During the FET "HARMONIC" project, two research institutions, the Max Planck Institute of Polymer Research (MPIP) and the National Centre for Scientific Research Demokritos (NCSRD), have developed complementary technologies for fabricating superhydrophobic membranes primarily for desalination purposes. Both institutions utilize plasma functionalization to modify membrane surfaces, creating nanostructured polymeric membranes.
The SuperClean project aims to extend the application of superhydrophobic membranes beyond desalination to industrial wastewater treatment, focusing on their technological upscaling and facilitating their transition from the laboratory to the market. Both MPIP and NCSRD are advancing the readiness level of their technologies, aiming for validation and demonstration in relevant environments (Technology Readiness Levels 5-6). Small-scale pilot equipment for producing rolls of superhydrophobic membranes in a roll-to-roll format is currently being designed, constructed, and tested. To facilitate the upscaling process, MPIP and NCSRD are collaborating with two industrial partners: Europlasma and SolSep, renowned companies with extensive experience in roll-to-roll plasma and wet processes, respectively.

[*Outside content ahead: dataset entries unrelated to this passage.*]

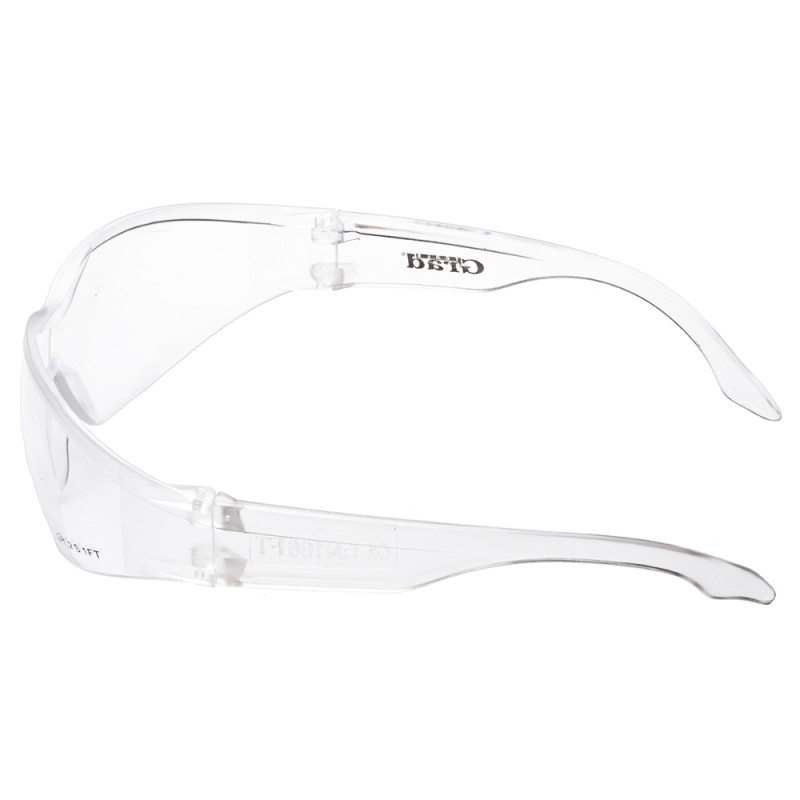 Grad Очки защитные Wasp anti-scratch (прозрачные) (9411665)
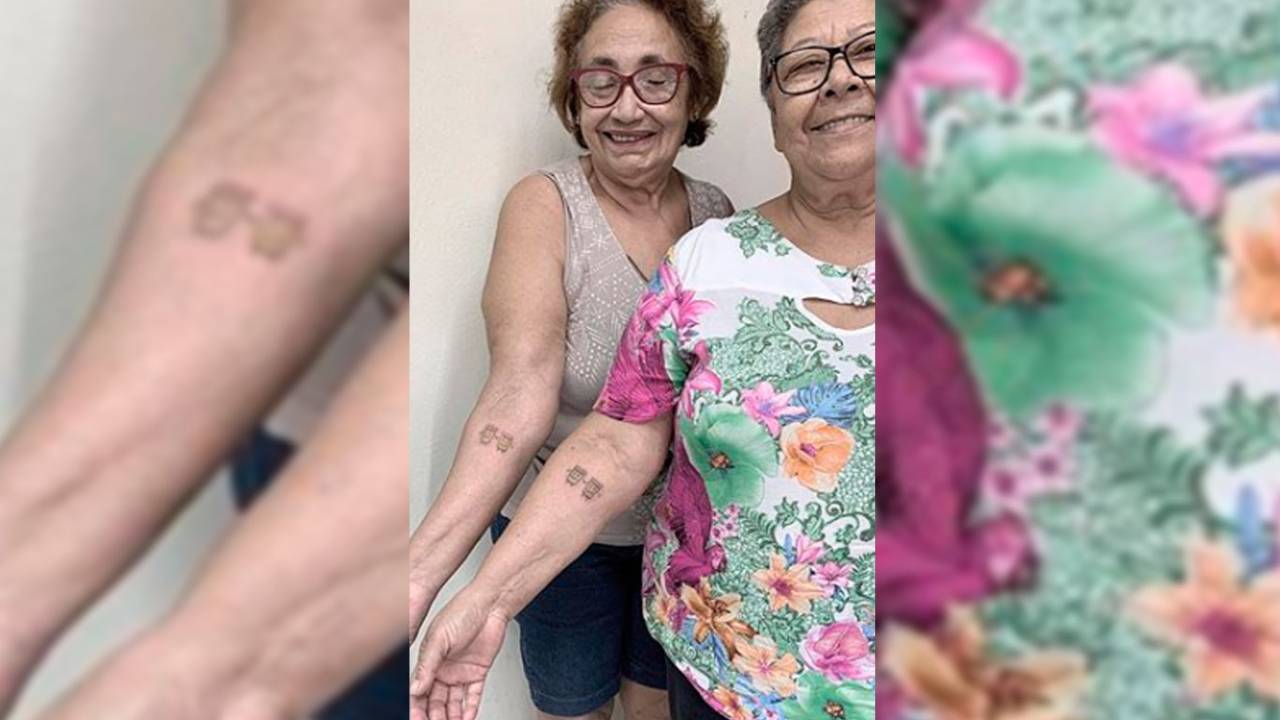 Tatuagem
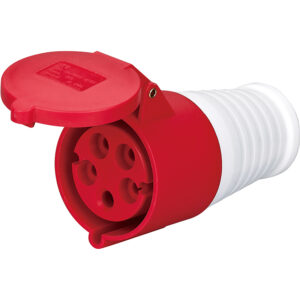 DT215 DT225 Industrial Connector for Railway Sy...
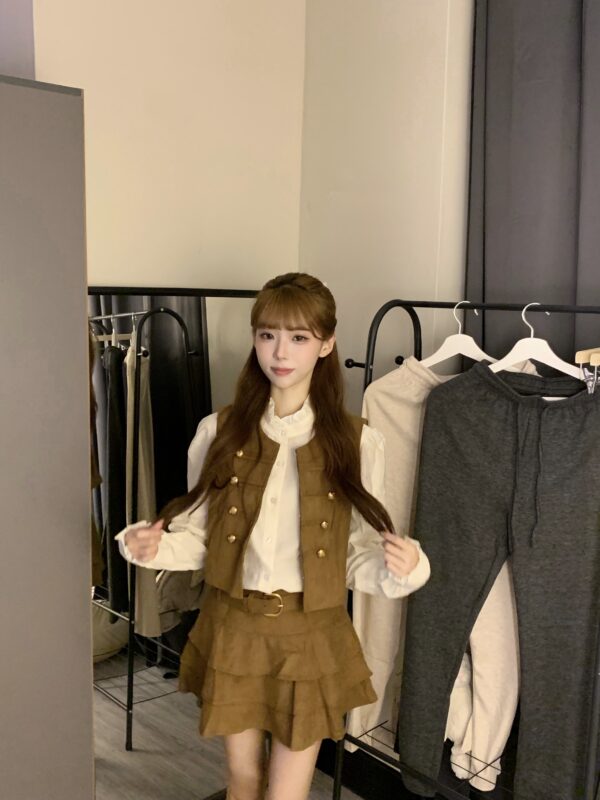 S__12337267 拿破崙麂皮絨三件套(送腰帶)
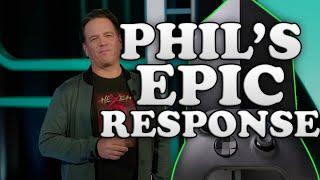 Microsoft RESPONDS To The PS5 Pro And DESTROYS IT! Xbox Just Crushed All Of Sony's Hype!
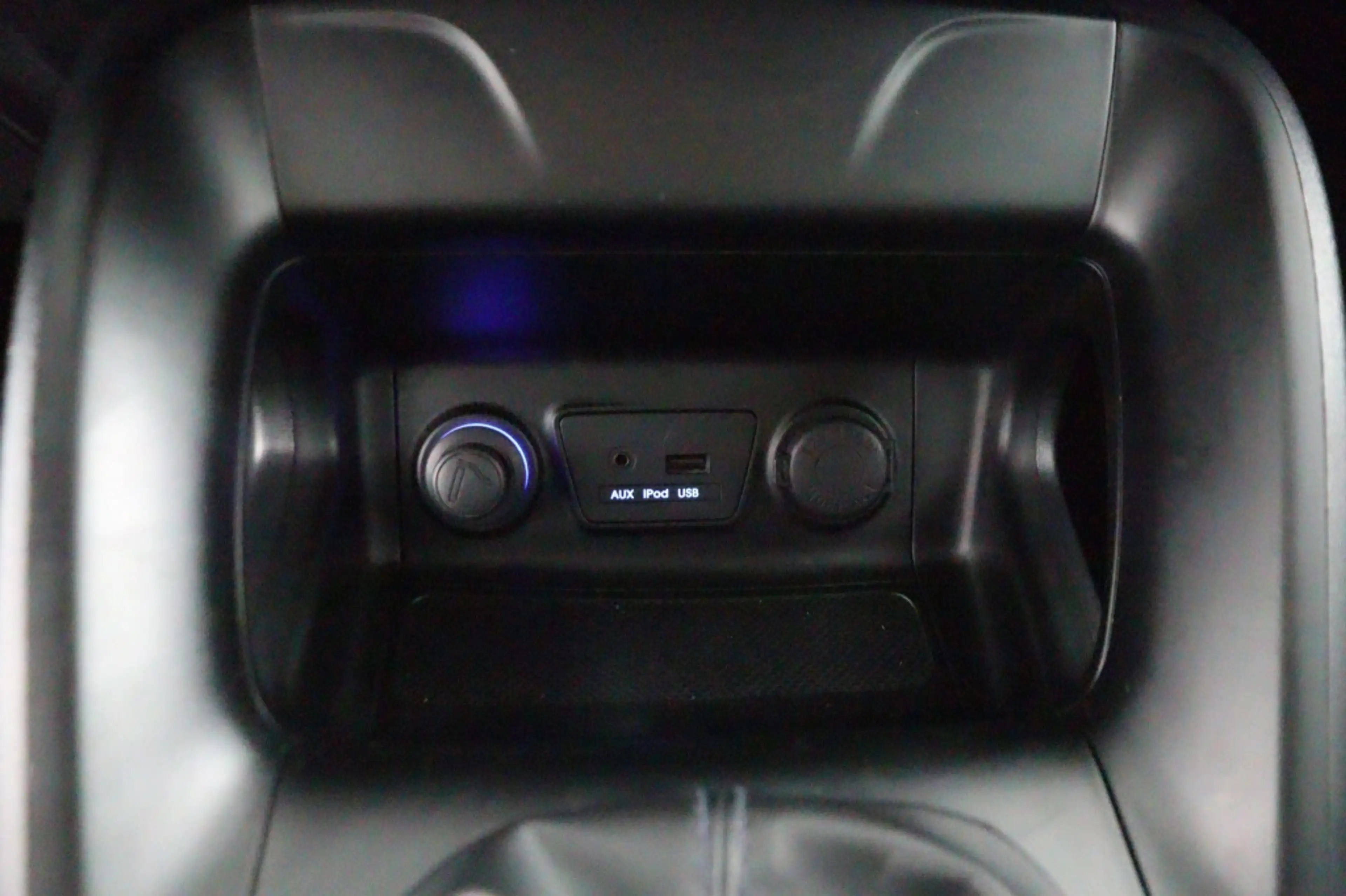 Hyundai iX35 2.0i Style — photo 25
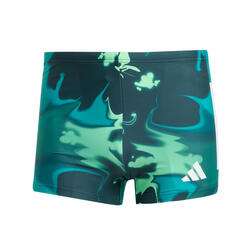 Boxer de bain adidas Graphic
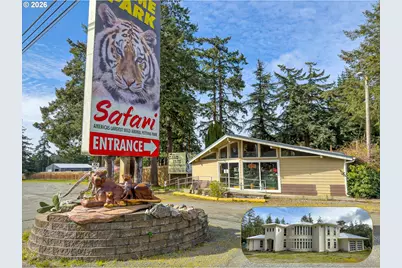 46914 Highway 101, Bandon, OR 97411 - Photo 1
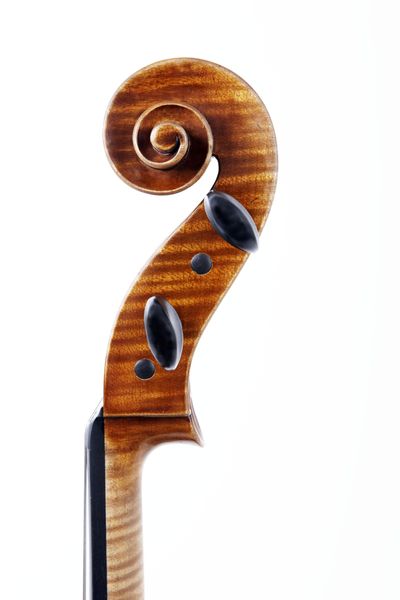 podle Antonio Stradivari „Tuscan-Medici“ 1690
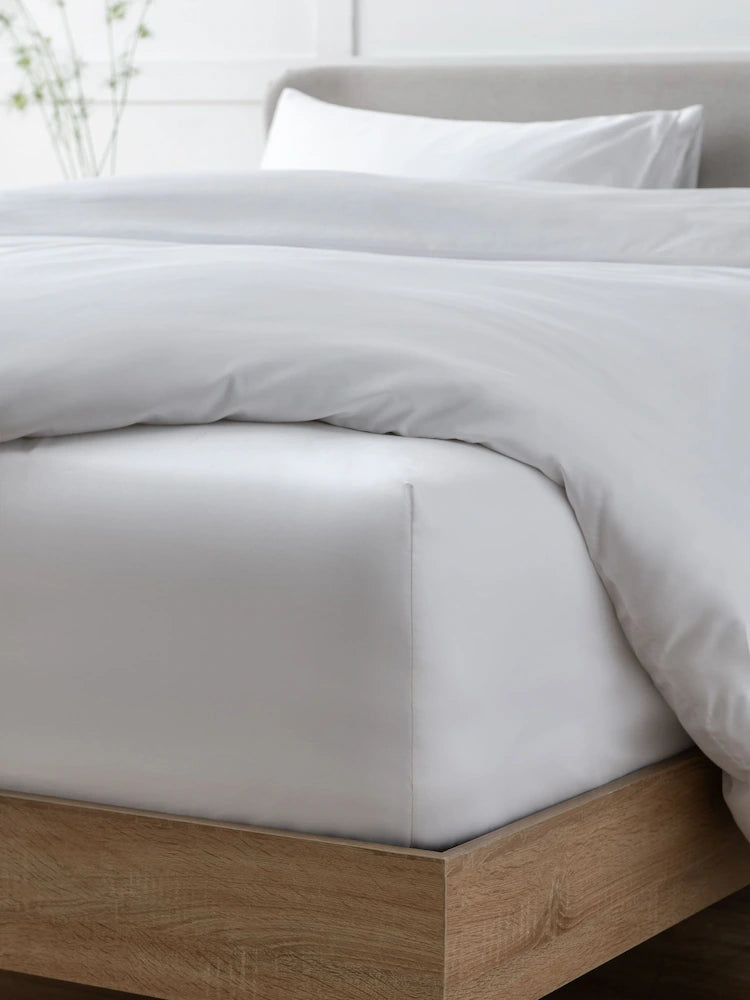 Everlasting Cooling Bed Sheets™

Additionally, partnering with SolarSpring, a Fraunhofer spin-off specializing in commercial MD modules for wastewater treatment, contributes not only to technical testing but also supports commercialization efforts, serving as the project's first customer and technology adopter.

The SuperClean project is organized into five cohesive work packages (WP), each serving a specific purpose. WP1 is centered on management (technical, intellectual property, and financial) and dissemination, with a primary focus on project coordination and communicating results to both the scientific community and the public. WP2 entails plasma activation and nanotexturing, including the design and construction of two pilot prototype plasma devices for water membrane processing, along with plasma deposition for achieving superhydrophobicity via an all-dry approach. WP3 involves wet coating of plasma-activated membranes with nanofilaments, integrating wet chemistry with plasma activation as an alternative to plasma deposition. WP4 focuses on applying superhydrophobic membranes in membrane distillation (MD) for industrial wastewater treatment, with the installation and testing of an industrial-scale prototype. Lastly, WP5 centers on commercializing the project's outcomes through entrepreneurship.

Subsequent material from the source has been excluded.